You must use an initrd for that.

Your /etc/mdadm.conf and anything else in /etc cannot be used as /etc is on root and root is neither assembled nor mounted.

There are two choices.  Make an initrd or remake the raid to be  --metadata=0.9 and use kernel raid autodetect.

----------

## christophe_y2k

NeddySeagoon ! You're always the best for RAID question ....

Have you experience with RAID1 SSD ?

Intel says me after some  time Intel SSD crash Intel only validate ssd in raid 0 (but they work for 1 and 5 ... since more one year)

I don't know if they test with Linux mdadm...

----------

## NeddySeagoon

christophe_y2k,

It is not clear if you are asking about Intel Storage Manager Raid or Kernel raid.

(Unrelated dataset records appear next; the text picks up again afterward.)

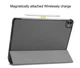 Чохол Smart Case на Apple iPad Pro 11 2024 (11") / чохол для планшета з функцією підставки / (dark blue) - зображення 8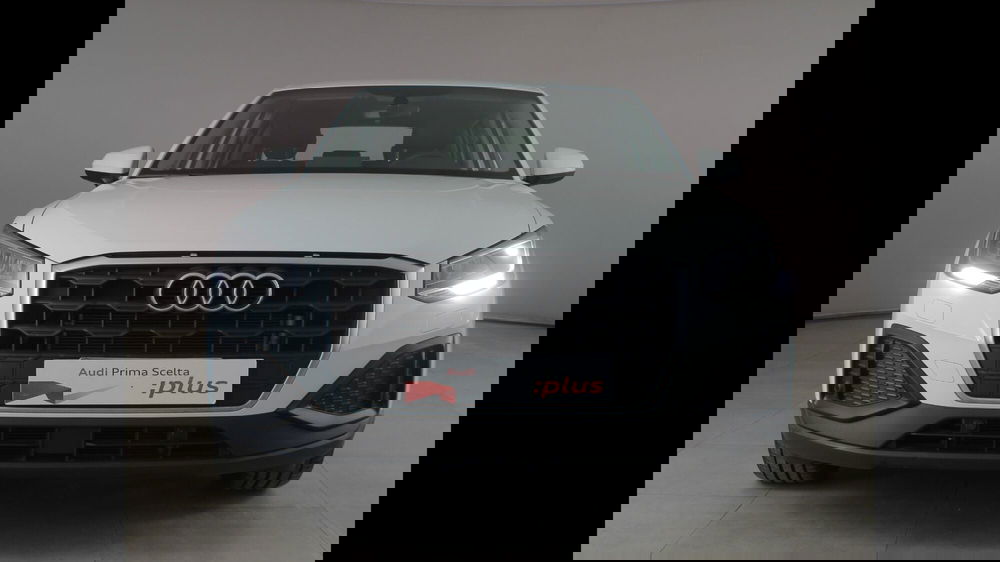 Audi Q2 usata a Palermo (2)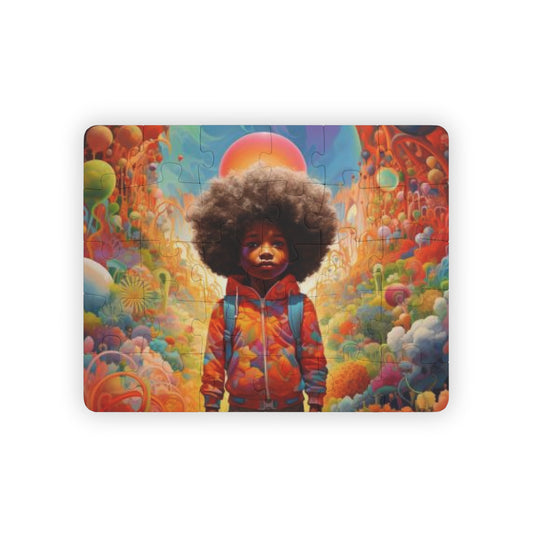 Starboy Kids' Puzzle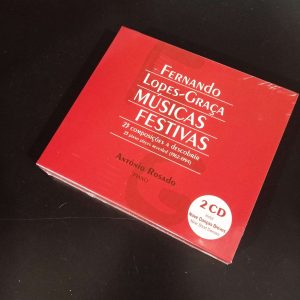 Fernando Lopes-Graça / Músicas Festivas Volume 1 & 2 (2 CD)
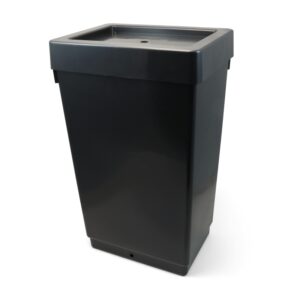 KIT TANQUE AUTOPOT 47L COMPLETO (ARANDELA 9MM) * SISTEMAS HIDROPONICOS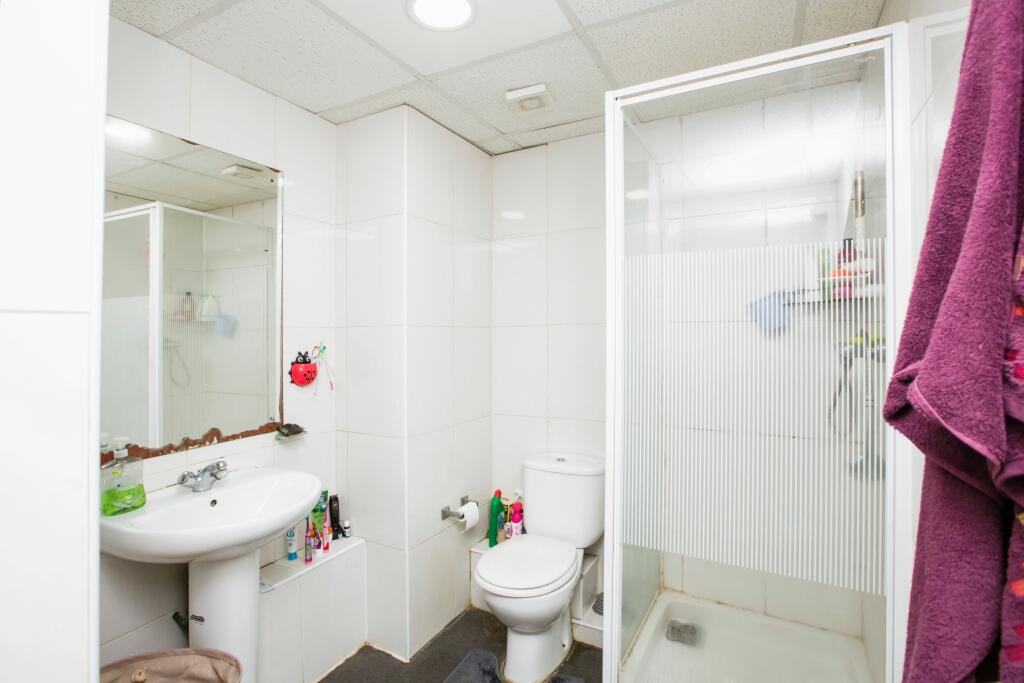 Shower Room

Both use mdadm but they are set up differently.

Your original post shows the use of kernel raid.

That  the disks in a raid set are SSD or not makes no difference to the operation of the raid.

Use of the trim command (the discard option) may not work on raid sets.

----------

## christophe_y2k

Thanks for your reply !

I use kernel raid with mdadm software all my disks are in AHCI mode from bios motherboard

i do not use intel fakeraid bios or hardware raid card

I use ssd in raid ("swap" in raid0, "boot" and "/" in raid1) you say me, trim command do not work with mdadm ?

----------

## NeddySeagoon

christophe_y2k,

trim may not work as there is an extra layer of software between the filesystem and the drive(s) when raid is in use.

For raid1, there is no redundant data to calculate - the same data is written to both drives. 

With raid456, making trim work is harder.

----------